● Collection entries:
---+---
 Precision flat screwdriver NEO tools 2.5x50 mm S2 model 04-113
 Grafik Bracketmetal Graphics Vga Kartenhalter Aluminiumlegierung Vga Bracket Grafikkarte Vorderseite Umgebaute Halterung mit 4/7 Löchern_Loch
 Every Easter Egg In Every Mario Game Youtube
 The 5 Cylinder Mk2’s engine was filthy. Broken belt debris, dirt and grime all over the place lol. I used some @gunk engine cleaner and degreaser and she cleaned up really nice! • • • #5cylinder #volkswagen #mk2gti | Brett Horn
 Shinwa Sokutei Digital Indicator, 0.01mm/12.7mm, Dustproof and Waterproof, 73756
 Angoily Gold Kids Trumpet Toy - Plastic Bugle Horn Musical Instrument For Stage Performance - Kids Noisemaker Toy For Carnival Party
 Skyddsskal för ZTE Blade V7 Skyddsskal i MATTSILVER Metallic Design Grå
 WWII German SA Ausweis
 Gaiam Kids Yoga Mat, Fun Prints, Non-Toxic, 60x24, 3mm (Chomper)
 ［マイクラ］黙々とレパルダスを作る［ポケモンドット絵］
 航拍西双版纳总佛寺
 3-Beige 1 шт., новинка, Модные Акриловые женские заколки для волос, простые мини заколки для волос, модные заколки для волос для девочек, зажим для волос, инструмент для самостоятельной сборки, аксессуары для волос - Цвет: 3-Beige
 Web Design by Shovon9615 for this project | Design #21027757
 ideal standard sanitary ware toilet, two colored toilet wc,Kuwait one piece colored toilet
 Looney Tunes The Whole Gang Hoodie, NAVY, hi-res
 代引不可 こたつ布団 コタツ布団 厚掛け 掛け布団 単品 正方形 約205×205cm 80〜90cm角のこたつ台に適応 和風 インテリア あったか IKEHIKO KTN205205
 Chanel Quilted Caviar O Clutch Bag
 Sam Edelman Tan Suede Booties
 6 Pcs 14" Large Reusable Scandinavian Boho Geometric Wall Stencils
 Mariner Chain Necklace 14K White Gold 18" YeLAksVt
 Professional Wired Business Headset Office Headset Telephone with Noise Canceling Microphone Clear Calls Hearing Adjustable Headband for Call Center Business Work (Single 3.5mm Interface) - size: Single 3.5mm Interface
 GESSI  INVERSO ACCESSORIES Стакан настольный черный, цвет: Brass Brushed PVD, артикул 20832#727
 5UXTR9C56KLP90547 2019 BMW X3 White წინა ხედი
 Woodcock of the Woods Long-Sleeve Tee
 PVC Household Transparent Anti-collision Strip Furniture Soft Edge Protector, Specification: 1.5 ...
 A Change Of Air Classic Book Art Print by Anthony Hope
---+---
● DESCRIPTION OF THE TASK:
Starting at the first line of the data above, retype each line exactly until you reach the line containing "Every Easter Egg In Every Mario Game Youtube", and include that line too.

● REPLY:
 Precision flat screwdriver NEO tools 2.5x50 mm S2 model 04-113
 Grafik Bracketmetal Graphics Vga Kartenhalter Aluminiumlegierung Vga Bracket Grafikkarte Vorderseite Umgebaute Halterung mit 4/7 Löchern_Loch
 Every Easter Egg In Every Mario Game Youtube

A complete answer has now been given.